A valid BST is defined as follows:
- The left subtree of a node contains only nodes with keys less than the node's key.
- The right subtree of a node contains only nodes with keys greater than the node's key.
- Both the left and right subtrees must also be binary search trees.
Example 1:
Input: root = [2,1,3]
Output: true
Example 2:
Input: root = [5,1,4,null,null,3,6]
Output: false
Explanation: The root node's value is 5 but its right child's value is 4.
Constraints:
- The number of nodes in the tree is in the range
[1, 10^4]. -2^31 <= Node.val <= 2^31 - 1
Try this Problem on your own or check similar problems:
Solution:
- Java
- JavaScript
- Python
- C++
class Solution {
public boolean isValidBST(TreeNode root) {
return helper(root, null, null);
}
private boolean helper(TreeNode root, Integer minimumValue, Integer maximumValue){
if(root == null) return true;
if((minimumValue != null && root.val <= minimumValue) || (maximumValue != null && root.val >= maximumValue)) return false;
return helper(root.left, minimumValue, root.val) && helper(root.right, root.val, maximumValue);
}
}
/**
* Definition for a binary tree node.
* function TreeNode(val, left, right) {
* this.val = (val===undefined ? 0 : val)
* this.left = (left===undefined ? null : left)
* this.right = (right===undefined ? null : right)
* }
*/
/**
* @param {TreeNode} root
* @return {boolean}
*/
var isValidBST = function (root) {
return helper(root, null, null);
};
function helper(root, minimumValue, maximumValue) {
if (root === null) return true;
if (
(minimumValue !== null && root.val <= minimumValue) ||
(maximumValue !== null && root.val >= maximumValue)
)
return false;
return (
helper(root.left, minimumValue, root.val) &&
helper(root.right, root.val, maximumValue)
);
}
# Definition for a binary tree node.
# class TreeNode:
# def __init__(self, val=0, left=None, right=None):
# self.val = val
# self.left = left
# self.right = right
class Solution:
def isValidBST(self, root: Optional[TreeNode]) -> bool:
return self.helper(root, float('-inf'), float('inf'))

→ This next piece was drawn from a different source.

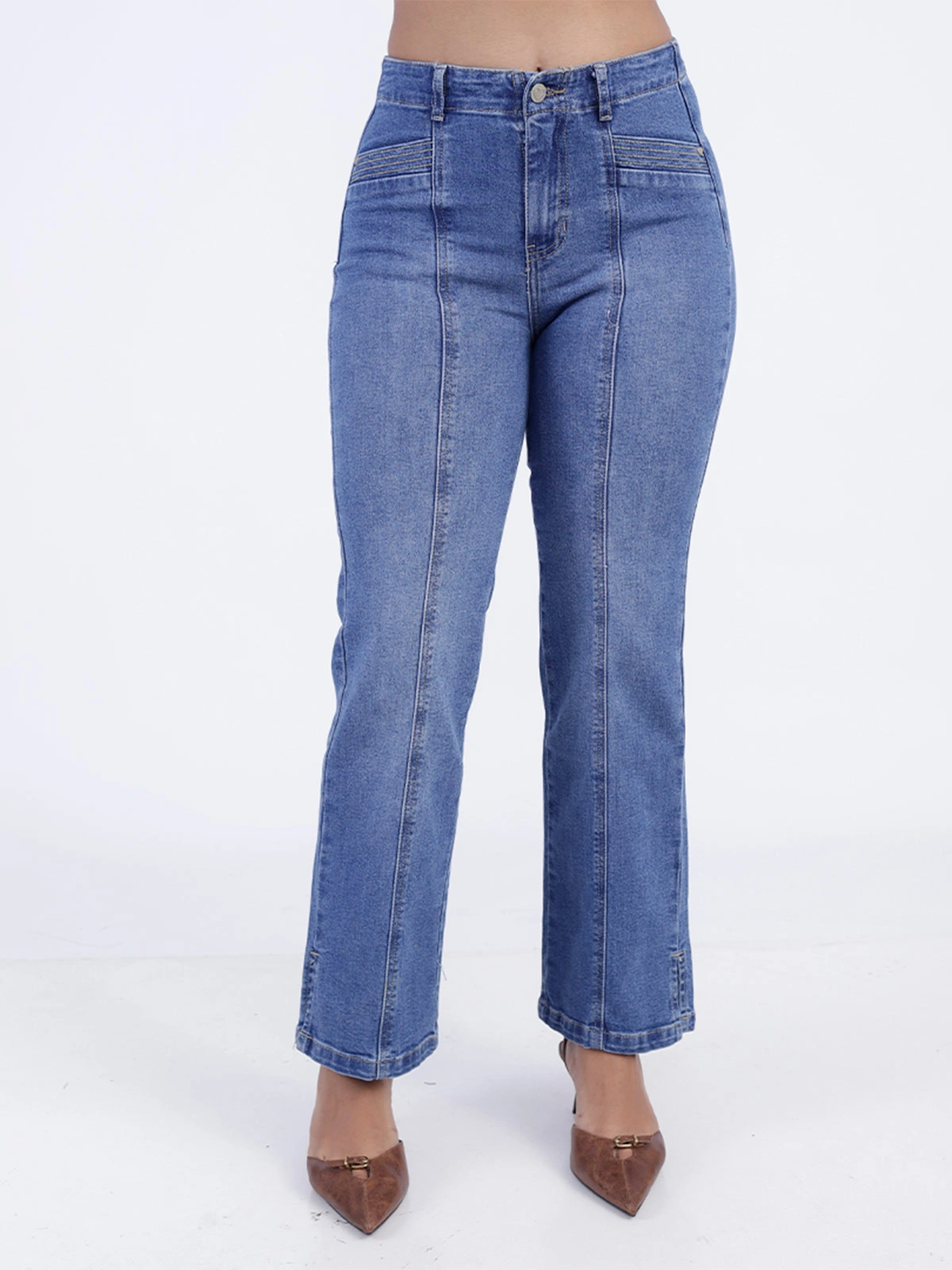 JEANS RECTO MUJER SODA BLUES DRUCEL - 2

def helper(self, root, minimumValue, maximumValue):
if root is None:
return True
if (minimumValue is not None and root.val <= minimumValue) or (maximumValue is not None and root.val >= maximumValue):
return False
return self.helper(root.left, minimumValue, root.val) and self.helper(root.right, root.val, maximumValue)
/**
* Definition for a binary tree node.
* struct TreeNode {
* int val;
* TreeNode *left;
* TreeNode *right;
* TreeNode() : val(0), left(nullptr), right(nullptr) {}
* TreeNode(int x) : val(x), left(nullptr), right(nullptr) {}
* TreeNode(int x, TreeNode *left, TreeNode *right) : val(x), left(left), right(right) {}
* };
*/
class Solution {
public:
bool isValidBST(TreeNode* root) {
return helper(root, nullptr, nullptr);
}
private:
bool helper(TreeNode* root, TreeNode* minNode, TreeNode* maxNode) {
if (root == nullptr)
return true;
if (minNode != nullptr && root->val <= minNode->val)
return false;
if (maxNode != nullptr && root->val >= maxNode->val)
return false;
return helper(root->left, minNode, root) && helper(root->right, root, maxNode);
}
};
Time/Space Complexity:
- Time Complexity: O(n)
- Space Complexity: O(n)
Explanation:
The recursive algorithm is actually explained by the problem statement, we check if the root val is in boundary and then check both left and right subtree passing the right boundaries to helper function (for left subtree, we know the maximum value can be that of the root, while for the right subtree we know that the minimum value must be the root value). We pass null as the initial value for minimumValue and maximumValue since node values can be Integer.MIN_VALUE = -2^31 or Integer.MAX_VALUE = 2^31 - 1, and we do the additional guard check for null value when checking the boundaries. The solution yields a linear space and time complexity (since for space we have a recursions stack for right and left skewed trees).